Design methods for novel, energy-efficient, closed phase change actuators with high action of force

Short introduction

The aim of this project is to create the basis for the economic production of forming manufactured phase change actuators (PCA). Compact paraffin wax actuators are planned, whose housings completely enclose the expanding material. When heated from the solid to the liquid phase, paraffin wax is subject to an increase in volume of 15 percent and more. The high volume expansion and the low compressibility of the paraffin core generate high pressure in the sealed housings. This leads to a stroke movement of the actuator or the application of a positioning force.

Motivation & Objectives

Production processes are necessarily associated with fluctuations. These can be divided into two areas. On the one hand, high-frequency fluctuations of the process properties, which are caused, for example, by stochastic influences or changes in the tribological system. A closed loop control is a typical countermeasure here. On the other hand, low-frequency system influences occur, caused, for example, by thermal environmental influences or wear on the machine itself. For correction, high actuating forces with comparatively small travel ranges are particularly necessary. This is where the integration of the PCA (Figure [1]) comes in. Two variants are possible, firstly a passive activation concept can be used. Here the necessary activation energy is supplied by the environment and a tailor-made compensation of thermal influences can be achieved. The second variant includes an integrated heating (e.g. by printed electronics) in the actuator, which generates the actuating energy. After the desired actuating movement, the stroke or actuating force achieved is maintained via an integrated self-locking wedge gear. This enables long-term energy-efficient compensation of system wear.

The objective of the project is to develop design methods for an actuator design and a combined forming and joining production. Subsequently, the qualification for the described applications as well as the development of the self-locking wedge gear will follow.

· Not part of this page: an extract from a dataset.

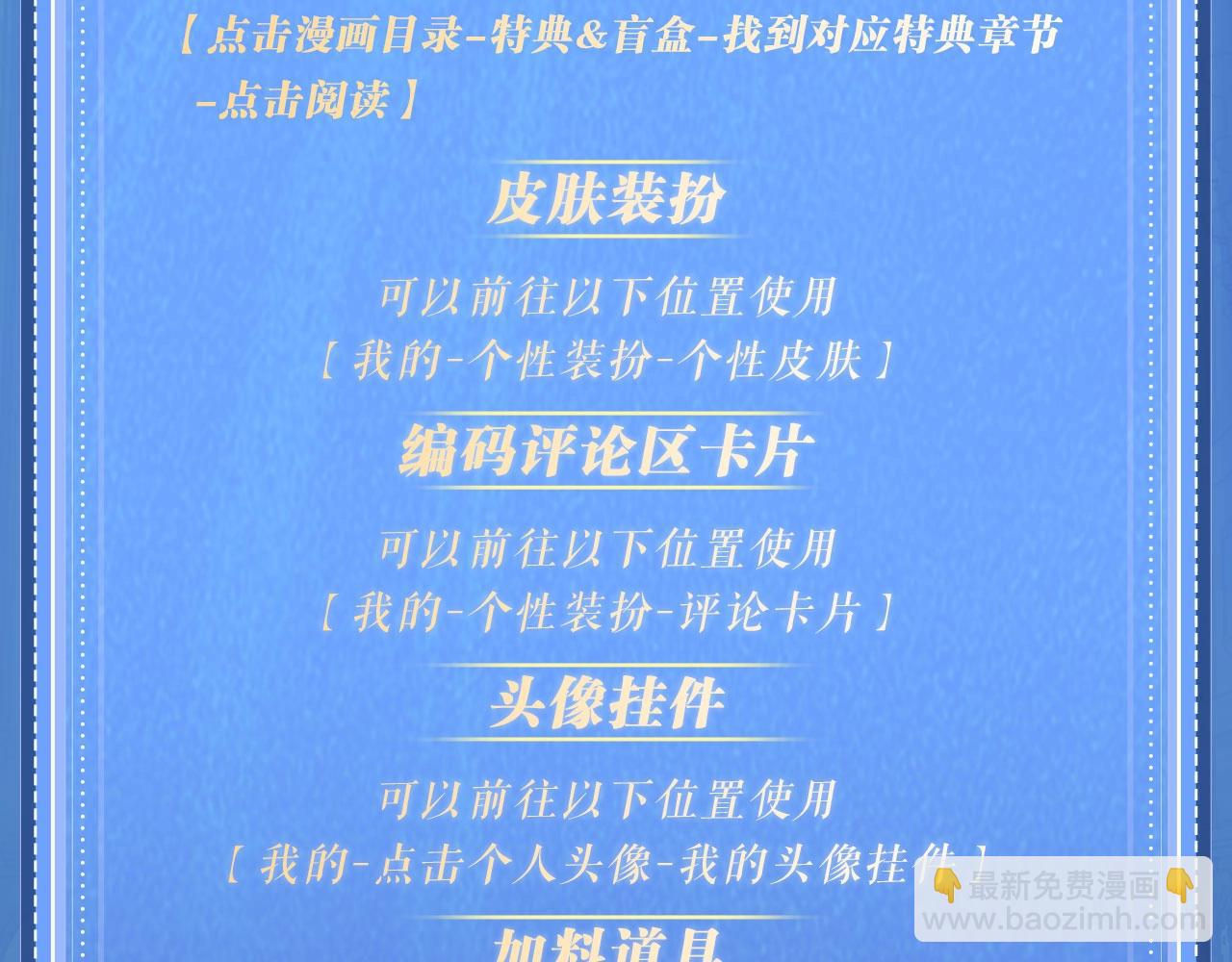 黑夜有所斯 - 特典祈愿：天使与恶魔交锋 聆听圣心陨落~ - 5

Figure 1: Basic structure of the phase change actuator in forming production

Approach

Within the framework of the completed first project phase of the four-year overall project, the functional verification of the actuator concept was fully achieved. Extensive numerical investigations allowed design guidelines to be derived and an optimal actuator design to be defined. Furthermore, the influences of various modifications were identified. In the next step, a production chain was created which combines efficient forming technology methods with the powerful laser processing centre for cutting and joining. In addition, a process window for the demanding laser welding process has been derived at the laser machining center. The characterization of the resulting demonstrators fully demonstrates the functionality of the actuators (Figure [2]). In the final step, the applicability of the PCA for the motivated cases could be shown by means of active and passive demonstrators.

Figure 2: Actuator characterization regarding force (a), displacement (b) and numerical investigation of the housing load (c)

The second project phase serves the further qualification of the PCA for the purpose of functional enhancement and optimization. One objective is the development of a model-based approach for the generation of tailor-made actuator characteristics. The addressed parameter field comprises the actuating force, the stroke and the active temperature range. For this purpose geometrical adjustments of the housing, structures integrated into the housing and paraffin additives or mixtures are investigated. Further objectives of the second project phase are the implementation of an integrated activation concept, the thermal decoupling of different zones in the actuator and a transfer of the concept to other actuator geometries, such as a circular ring shape (Figure [3]).

Figure 3: Prototypes of the expansion actuators in circular form and in circular ring form

Acknowledgement

The Institute of Production Engineering and Forming Machines thanks the German Research Foundation (DFG) for its support in carrying out this project (GR 1818/65-1).